第14章 運動から個人へ

死体となった僕の上を警官がまたいでいく。見渡せば通りは死体の山ーー寄り添うように手を繋ぎ、車道を埋めつくしている。
 「歩道に上がって下さい」しきりに怒鳴る拡声器ーー「死体に耳は無いぞ」応える人達。僕の傍らで幼子を背負い小さな男の子の手を引っ張った母親が哀願する。「悪いのはあの人達ですよ。間違わないで下さい‥‥」これがダイ・イン 2月12日午前9:00、高松の四国電力本社前での出来事である。
 10年前、伊方原発運転反対の裁判費用をつくる為にカンパという形で買った準備書面から原発というものに関わり始めた。
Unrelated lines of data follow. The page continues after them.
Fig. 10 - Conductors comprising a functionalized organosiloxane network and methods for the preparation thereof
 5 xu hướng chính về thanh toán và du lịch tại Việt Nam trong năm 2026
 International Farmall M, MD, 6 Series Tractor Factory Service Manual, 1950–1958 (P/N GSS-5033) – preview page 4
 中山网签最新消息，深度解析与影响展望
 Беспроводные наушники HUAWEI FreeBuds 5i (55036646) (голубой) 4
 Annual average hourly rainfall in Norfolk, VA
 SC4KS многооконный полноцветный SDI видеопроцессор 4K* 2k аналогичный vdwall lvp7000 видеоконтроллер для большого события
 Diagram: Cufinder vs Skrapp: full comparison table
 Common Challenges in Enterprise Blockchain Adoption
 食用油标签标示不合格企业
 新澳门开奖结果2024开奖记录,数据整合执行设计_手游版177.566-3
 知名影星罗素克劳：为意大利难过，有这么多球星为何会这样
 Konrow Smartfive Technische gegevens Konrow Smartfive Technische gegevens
しかしそれは半ば好奇心から生まれたもので、運動といっても決して連続していた訳ではない。今日に至る迄の間に力を注いだ住民運動ーー三里塚、関西新空港等が悉く破れていく中で、いつしか僕はニヒリズムに陥っていった。"所詮他人事"という考え方が常に心の片隅にあった。
 差別は悪い事だと人は云う。若い自分もそう思った。では何が出来るのかーー運動ーー連帯そしてそれが決して一体と成り得ない事にはがゆさを覚え、支援していた筈のグループから「他人事だろう」と突き放された時、応える言葉もなく運動というものに疑問を持ち始めた。それは在日韓国人或いは金芝河とのかかわりの中でニヒリズムに変わっていった。金芝河は言う「あなた方の運動は私を助けられない。でも私の言葉はあなた方の運動を助けるだろう。」
‥‥この言葉は今も心に刻まれ、運動の本質を問い続けている。‥‥それから僕は逃げ始めた。運動から、そして現実から‥‥唄からもメッセージ色が消えた。
 スリーマイルで、チェルノブイリで事故が起きた時"そらみたことか"と心の隅でほくそ笑んでる自分がいた。情けない話だ。2月に入って、今は陶芸家として"原発無用"のロウソク立てを焼いている師匠から電話があった。「お前は本当の恐ろしさが分かっていない」「分かってます」「イヤ分かっていない」ーーそんな押し問答の末、高松行きを承知した。チェルノブイリが及ぼす食品汚染は知識として知っていたし、授業でも折に触れ取り上げてきた。その自分が今は動いていない。過去に反対したのだと言う自負からかろうじて語る事が出来たに過ぎない。
 広瀬 隆は言う「数字やパーセントに誤魔化されるな」ーー何千何万の死者が出ようとそれが「何%の危険性」と聞かされてはピンと来ない。恐ろしいナで終わってしまう。これがニヒリズムだ。彼は本音を吐く「何万人の死者が出たという事より、私の娘一人の命が危ぶまれている。それだけで充分だ」「もう運動の段階ではない。多くの人が知る事が肝要なのだ」と。この言葉に僕は動かされた。運動となればそっぽを向いてしまうが、自分の子供の命を考えた時、個人としての関わりが始まる。私生活主義に陥った大衆一人一人が事実を知る事、そこから生まれるエネルギーは社会を動かす。
 チェルノブイリは今も死者を出し続けている。日本にも放射能の雨が降り続けている。要素131を含んだ牛乳を僕は毎日がぶ飲みしている。誰一人もう逃げられない事は知っているのだ。
 「皆で死ぬなら恐くない。せめて生きてる間は楽しく暮らそう」ーー恐るべき日本人の心中思想ーーセシウムが体内に入って病状が発現する迄30年‥‥僕らは知っている。広島を、長崎をそしてビキニ島を。しかしビキニ島の住民が島を離れたのがほんの2年前だという事実を知っているだろうか。みんな死ぬ。でも一緒にではなくジワジワと一人また一人と苦しみながらだ。
「あきらめたらあかん」師匠の言葉がようやく自分の言葉になった。